Disinformation is published to confuse Americans so that they dismiss science-based health information as not credible, resulting in avoidable deaths and hospitalizations.
The freedom to speak means folk wisdom will continue to be broadcast on social media, crowding out curated content supported by science.
Black, indigenous, and people of color (BIPOC) who relied upon social media for their health information are frequently the targets of agents of disinformation. They also have a historic distrust of information delivered by health systems and government agencies, which fosters a willingness to accept folk wisdom over science.
Yet, there are voices they trust who can deliver evidence-based health information to BIPOC, but they have limited capacity to deliver that information via social media. If organized and resourced these trusted voices, could drown out folk wisdom and disinformation by playing a more central role in delivering curated health information to BIPOC at a moment when the information would be valued and used.
AIHN consists of a data aggregation application and a network of microsites.
The application brings together trusted health information from multiple sources to one place, enabling communities to make informed decisions about their health and safety.
AIHN is a vast network of two types of microsites: 1) organizational microsites; 2) content microsites.
Organizational microsites on AIHN are the homepages of a wide variety of approved public and private organizations. AI HealthNet is designed to amplify their voices in the virtual world over that of purveyors of folk wisdom and disinformation.
Trusted health information is published on AIHN as a network of content microsites.

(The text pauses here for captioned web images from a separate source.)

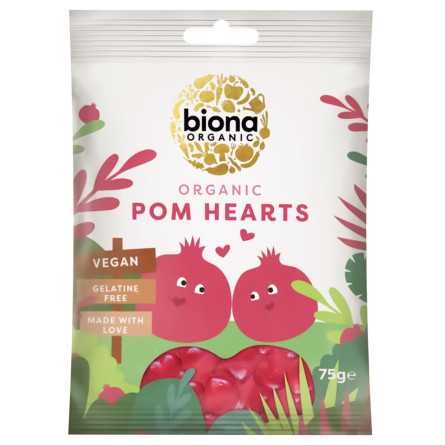 Конфеты желейные Biona Organic Pomegranate Hearts органические 75г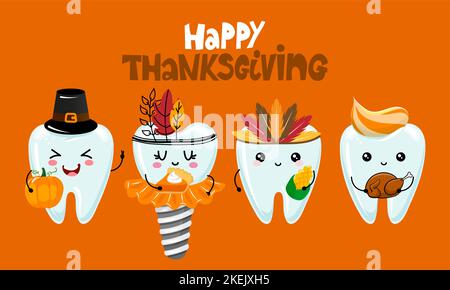 Joyeux Thanksgiving - les personnages de la famille Tooth sont conçus dans le style kawaii. Tothfée dessinée à la main avec citation amusante. Bon pour les affiches de prévention scolaire, saluez Illustration de Vecteur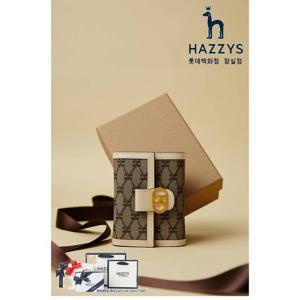 [헤지스]HIWA5E878IV_여성 아이보리 시그니처 패턴 가죽 반지갑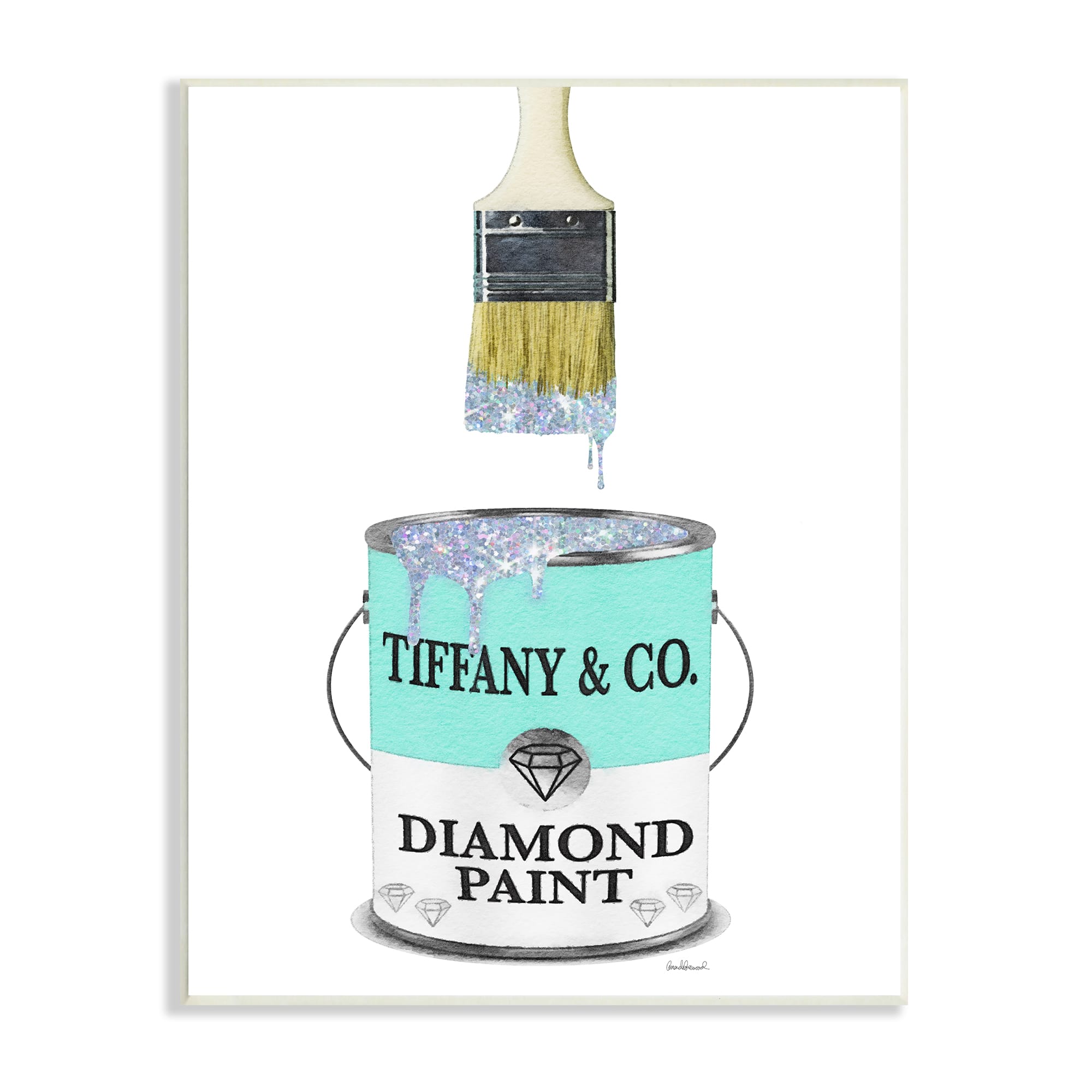 Stupell Industries Fashion Blue Diamond Paint Glam Paintbrush Designer Style Wall Plaque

Each microsite is a concisely written website, built to deliver a specific bit of information optimized to provide a quick, authoritative response to search queries and to behavior indicating interest. They are designed to give audiences the option to get more information through hyperlinks, drawing them into a nondirective conversation. The goal is not to drive behavior but to equip BIPOC communities with trusted information that they can use to make informed decisions about their health.
AIHN is a multicultural, digital network of BIPOC serving community-based organizations (CBOs) and federally qualified health clinics (FQHCs) organized to help companies deliver health information to minorities through trusted voices in the community.